The episode took my experience and spun it into a much bigger crime, a sex trafficking conspiracy that involves a choreographer and an artistic director and company donors who bid on sex with ballet dancers. As if my experience wasn’t bad enough for 40 minutes of television, and needed to be amped up for entertainment value.
But some things SVU really did rip from the headlines. The boys who tape the sex, and who disseminate it, lose their jobs but then file wrongful termination lawsuits. The company tries to make amends by hiring an all-female artistic team; after I came forward, City Ballet—which was already without a permanent leader because its longtime artistic director had resigned amid separate allegations of sexual harassment and verbal and physical abuse—hired a woman to be their associate artistic director, alongside a man. (The company conducted an internal investigation into the claims made against its former artistic director, and said the allegations weren’t corroborated. It never released the report to the public).

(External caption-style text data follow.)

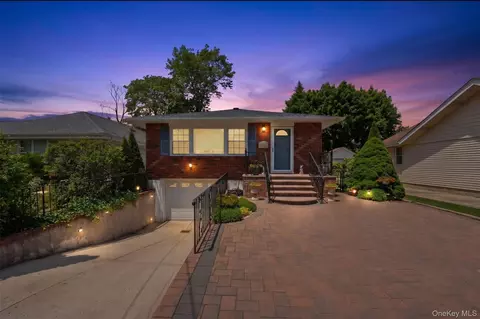 153 Davison Ave, Lynbrook, NY 11563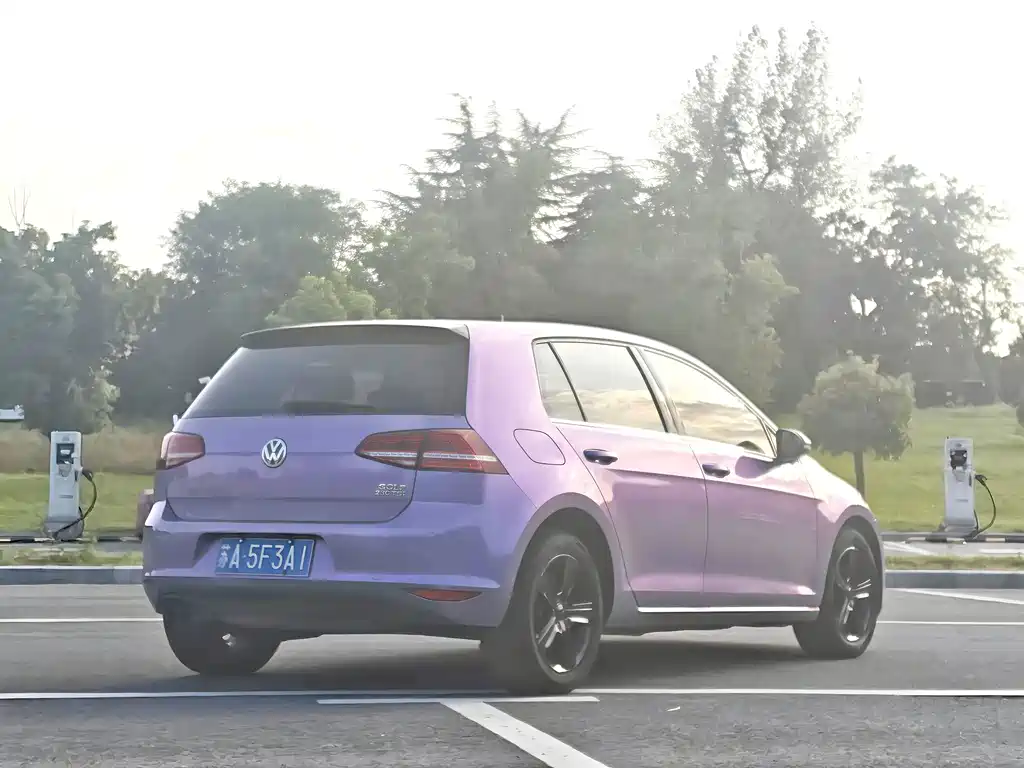 Volkswagen Golf — миниатюра 7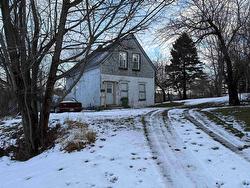 84 Warren Street  New Glasgow, NS B2H 1P2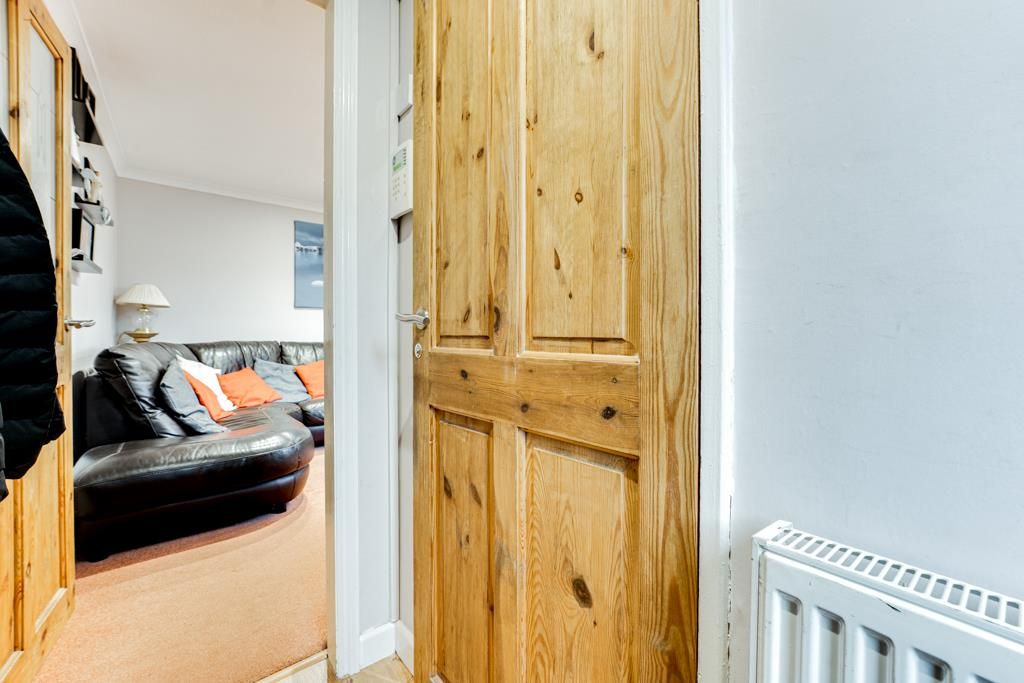 Property photo 2 of 26 16 Anderson Drive, Kettering-8.Jpg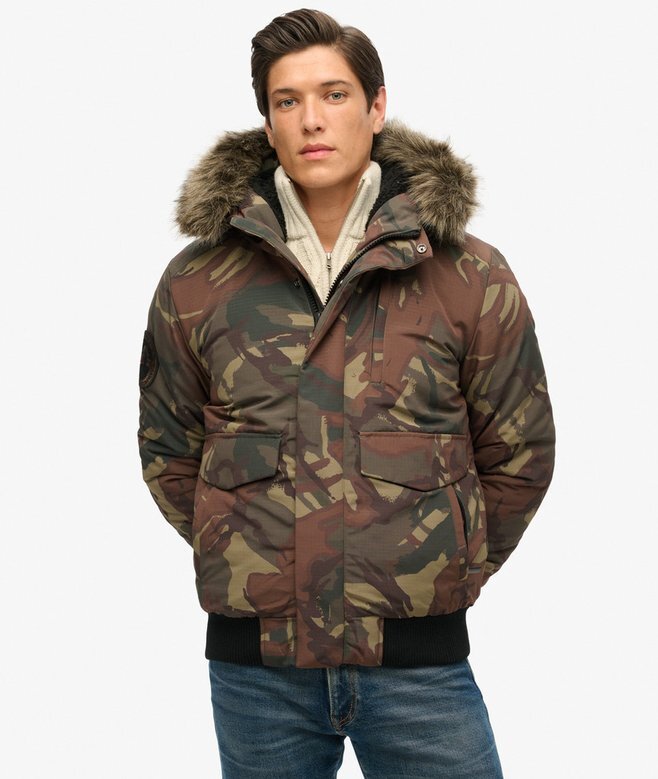 Everest Puffer Bomberjacke mit Kapuze Everest Puffer Bomberjacke mit Kapuze
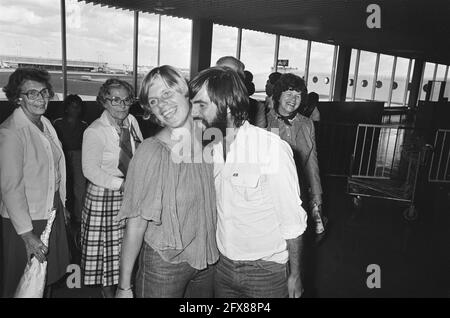 Barbara de Jong, nach griechischer Haft im Zusammenhang mit einem Verkehrsunfall zurück in den Niederlanden. Frau De Jong mit ihrem Mann, 17. August 1978, Paare, Gefangene, Verkehrsunfälle, Niederlande, Foto der Presseagentur des 20. Jahrhunderts, zu erinnerende Nachrichten, Dokumentarfilm, historische Fotografie 1945-1990, visuelle Geschichten, Menschliche Geschichte des zwanzigsten Jahrhunderts, Momente in der Zeit festzuhalten Stockfoto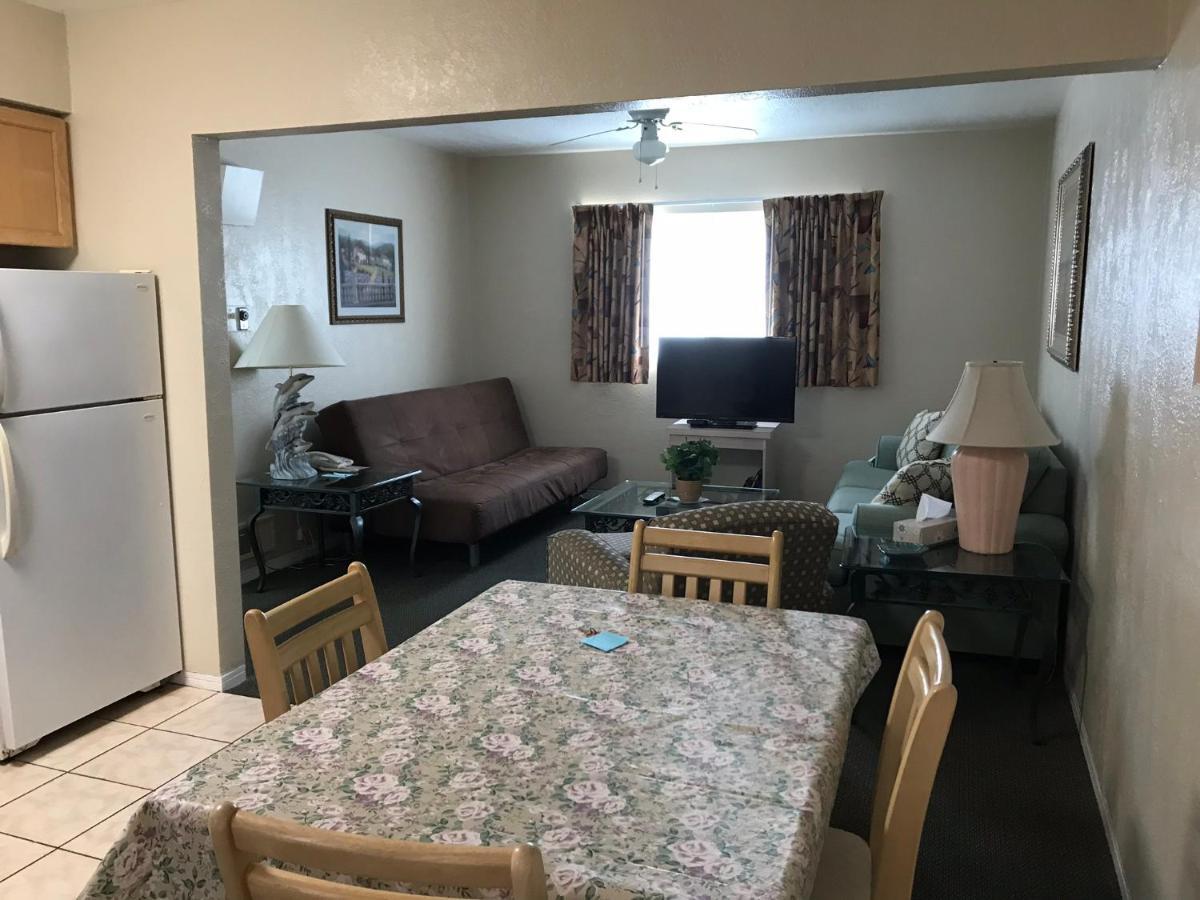 Carlton House Motel And Suites Сейнт Пийт Бийч Екстериор снимка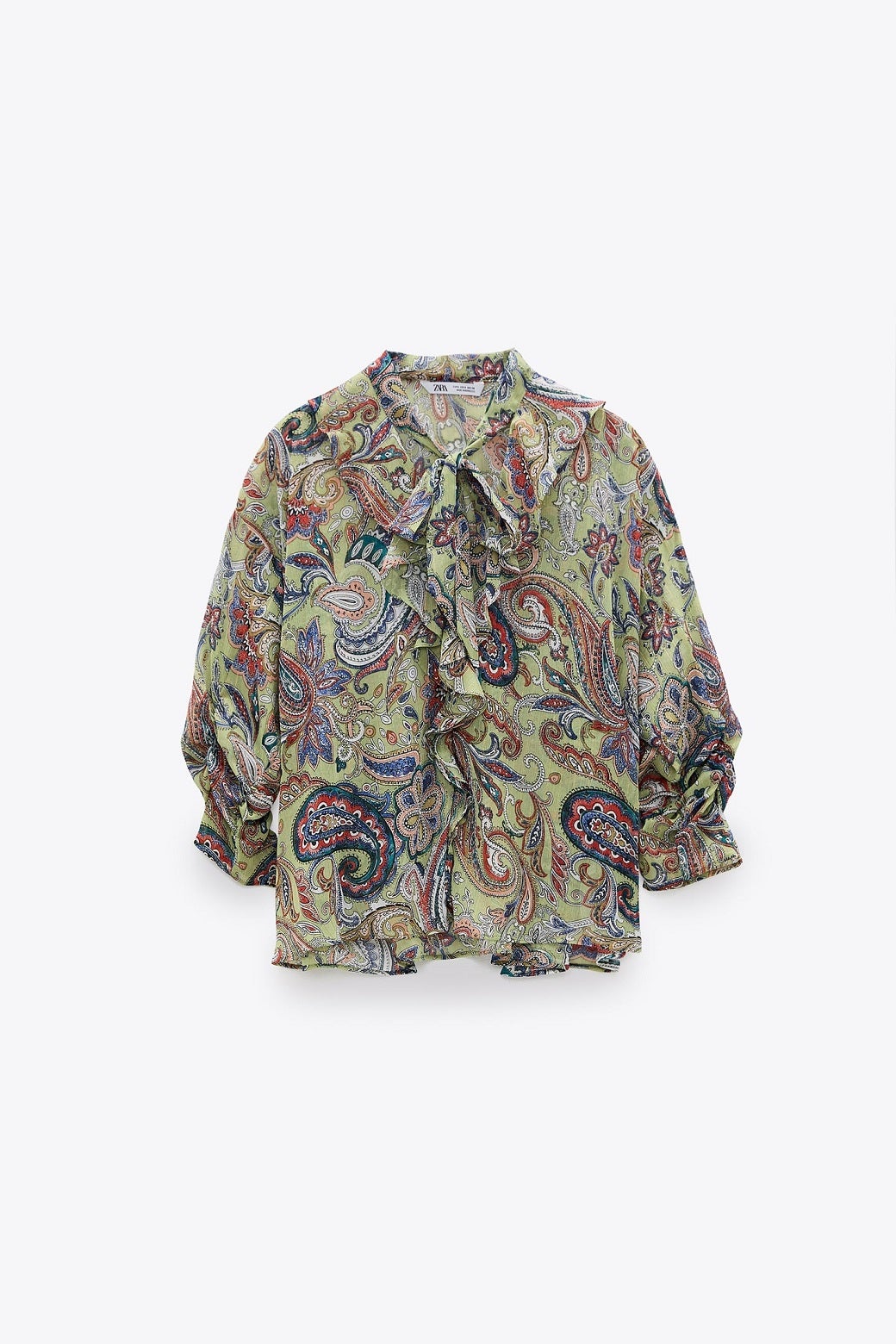 Ríndete al estampado paisley con esta blusa fluida con lazada en el cuello, escote a pico y volantes. ¡Ningún vaquero se le resistirá! Antes: 25,95 euros. Ahora: 12,99 euros.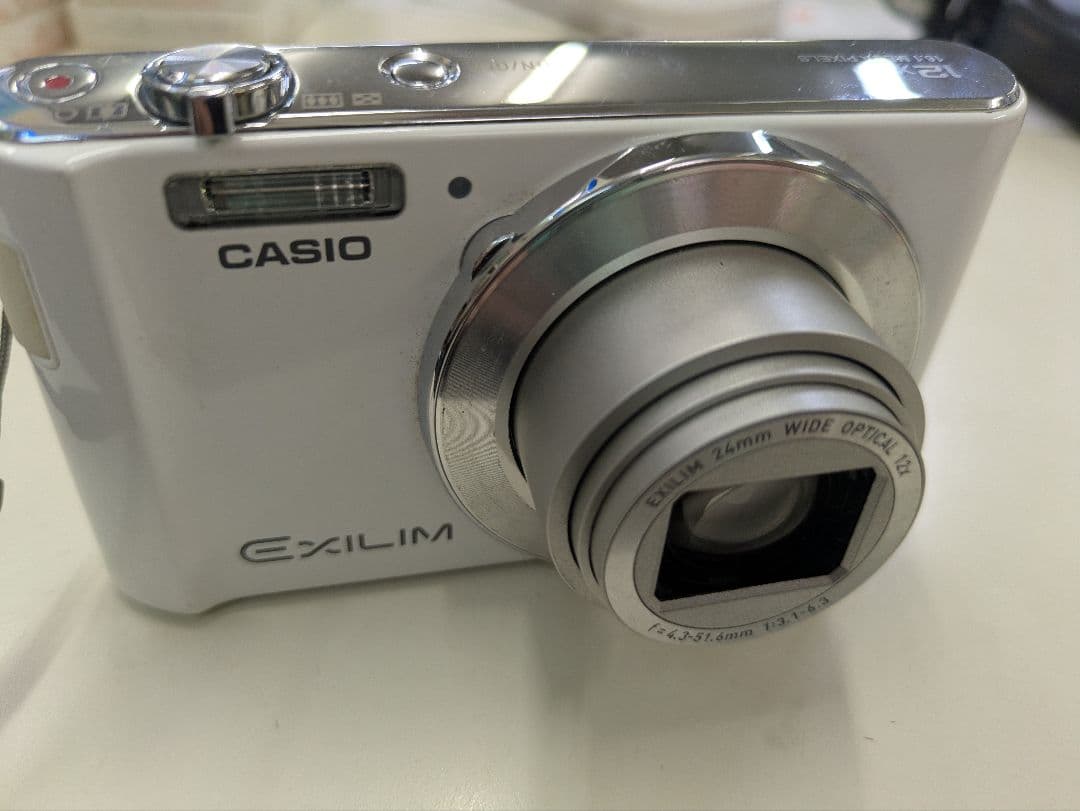 【美品】CASIO EXILIM EX-ZS180 ホワイト　動作確認済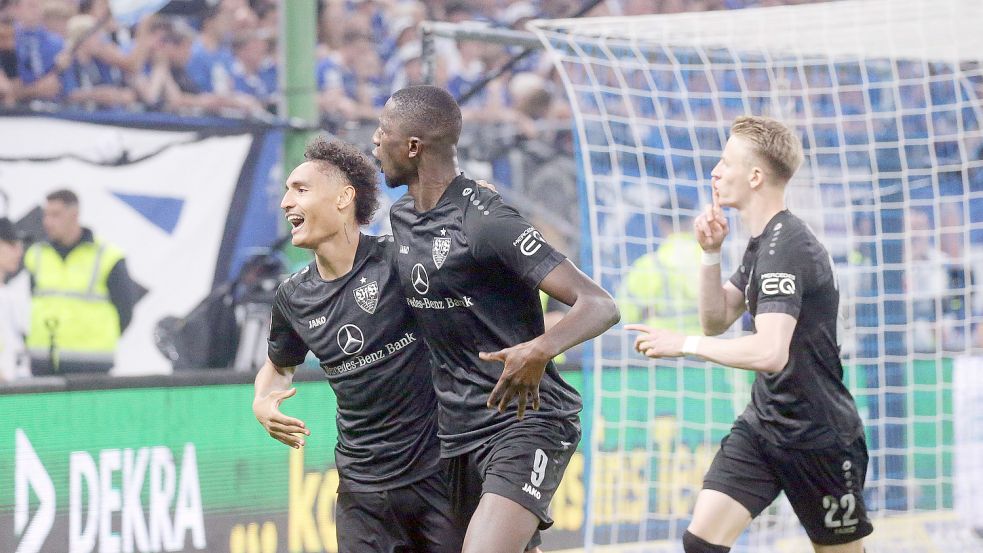 Stuttgarter Jubel im Volksparkstadion: Doppelpacker Enzo Millot (li.) mit Serhou Guirassy und Chris Führich. Foto: Imago/Pressefoto Baumann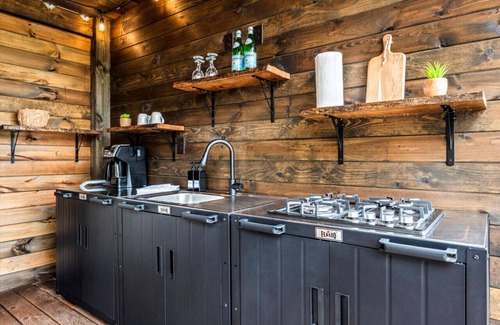 Hayesville Cabina | The Tree Spa, Tiny Cabin w/ Hot Tub in the trees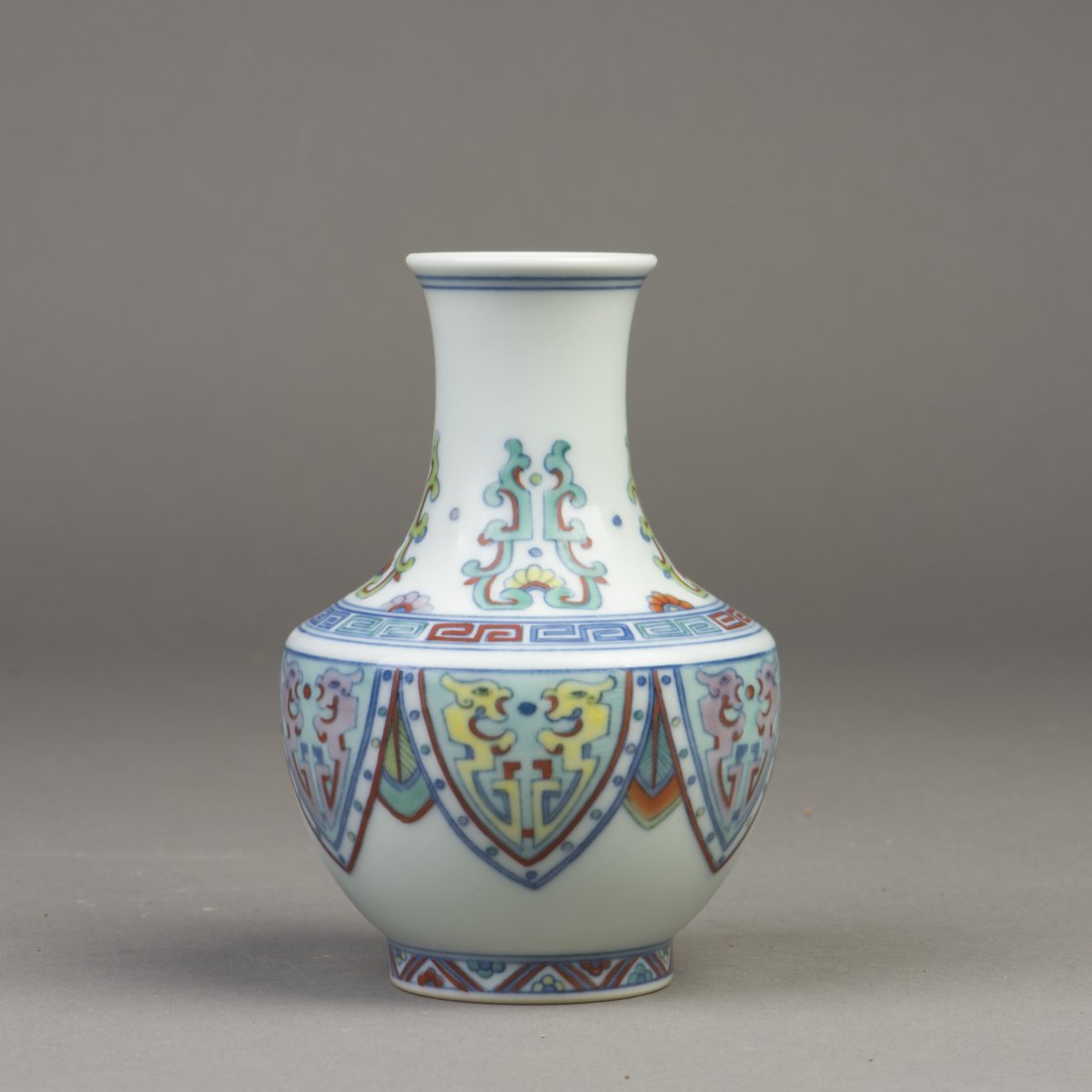 A CHINESE ARCHIASTIC PORCELAIN VASE (1 of 4)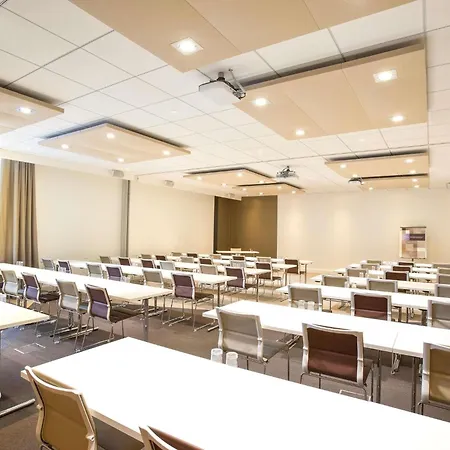 Novotel Paris Le Pont 4*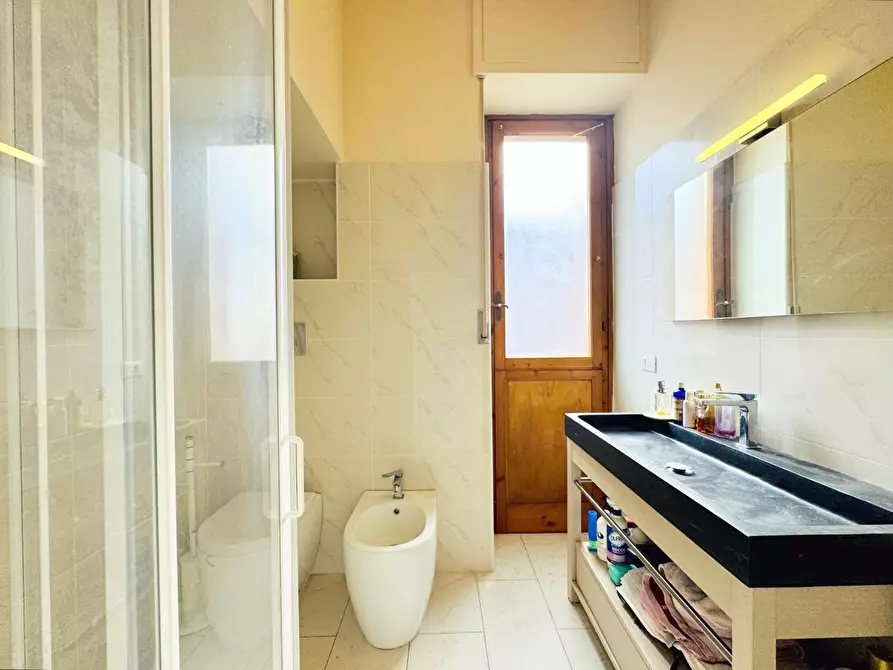 Immagine 33 di Appartamento in vendita  a Camaiore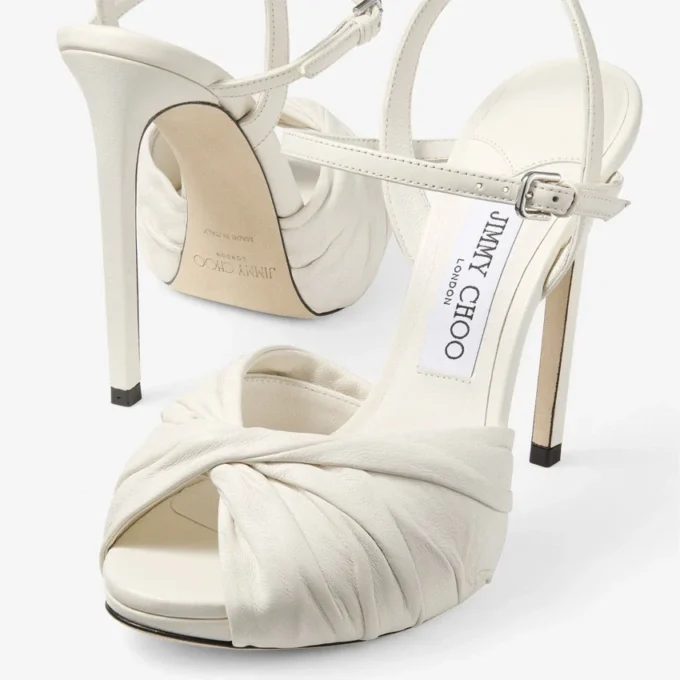 Sandalias Elly 120 Latte de piel de guante suave y napa brillante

When the episode aired on March 26, I was at home in upstate New York with my family. I watched it with my mom and my brother, and within five minutes, I was crying. During the first commercial break, my mom said, “We don't have to watch this, we can turn it off. You don't need to sit through this.” But I wanted to sit through it, because I wanted to know what they were doing with my story—with my life. It was awful to watch, but I felt like I couldn't look away.
It made me think back to when I first found the photos and videos and texts on Chase’s computer. Obviously that was horrifying, but I was experiencing it on my own. Nobody else was judging me or wondering how I got into that situation.
Sitting through the episode was like experiencing it all over again—this time with all the viewers of SVU watching, asking themselves, What the fuck was wrong with this girl? or How could she be so naive? And I just felt so, so stupid all over again. I know I wasn’t, I know that the people who did this to me were preying on young and naive women, but I think I’m always going to be a little bit mad at myself for ever speaking to them in the first place. And sitting there with my mom, re-experiencing it, that sucked. It really sucked.
I know the writers didn’t have to consult me before they made the episode, but here’s what I would have told them if they had: You need to acknowledge that revenge porn is real, and that it’s serious. I wish they’d included a website or a phone number at the end of the episode as a resource for people who have been victimized and want help (I don’t know why they don’t do that for every episode). And I wish they’d given the ballerinas less cheesy choreography, or at least put them in pointe shoes.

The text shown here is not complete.